A coalition of franchisees has recently been pushing for legislative action to balance the power dynamic between hotel franchisors and franchisees. One of the latest endeavors involves a New Jersey-based group advocating for a bill to establish specific safeguards for hotel franchisees, which is currently pending.
New Jersey Legislature Proposes Big Changes
Assembly Bill No. 1958, along with corresponding Senate Bill 3165, aims to mandate that hotel franchisees in New Jersey receive additional benefits and protections that are typically absent from standard franchise agreements. The proposed bill would prohibit franchisors from:
- receiving rebates from franchisor-mandated vendors, unless such rebates are disclosed and passed through to the franchisee;
- requiring franchisees to purchase goods, services, or supplies from the franchisor or franchisor-selected vendors, when comparable items are available from other sources;
- unilaterally changing material terms of a franchise agreement;
- imposing fees or charges not disclosed in an FDD or franchise agreement; and
- selling loyalty points for a profit without providing reasonable compensation to franchisees.
In effect, the law would reconfigure the relationship between owners and franchisors.
The Asian American Hotel Owners Association has publicly spoken out in support of Assembly Bill No. 1985, specifically the AAHOA:
- will not object to vendor exclusivity so long as the vendor provides these mandated products and services to Franchisees for competitive pricing.
- will not support the selling of loyalty points by a brand partner or franchiser for a profit.
- will not support franchise fees being added that were not previously disclosed in the franchise disclosure document without prior approval.

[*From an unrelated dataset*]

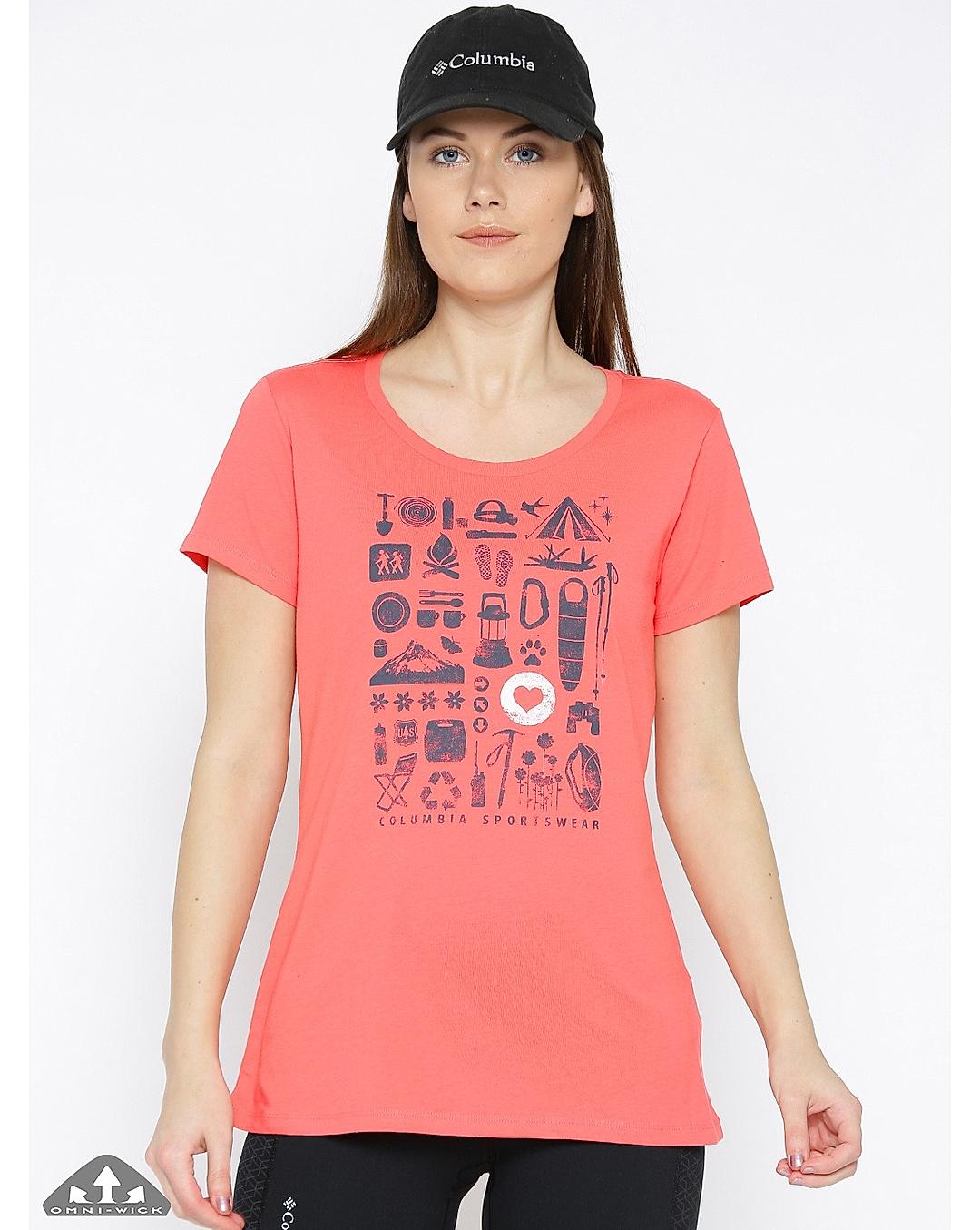 Columbia Women Red Camp Stamp Performance Tee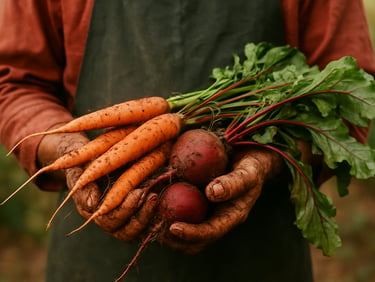 Warm editorial food photography, morning daylight, farmer holding freshly harvested root vegetables with soil on hands, 35mm film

- supports the preference of certified women-owned, minority-owned and veteran-owned businesses to serve as the mandated and preferred vendors for the franchise business model.
Why it Matters
There has been a consistent push for legislative change in the hospitality industry regarding the franchisor-franchisee relationship in recent years. If Assembly Bill No. 1958 passes, it would significantly alter the current and future dynamics between franchisors and franchisees. As more states propose their own legislation, franchisee clients will need to stay informed about their evolving rights and ownership status.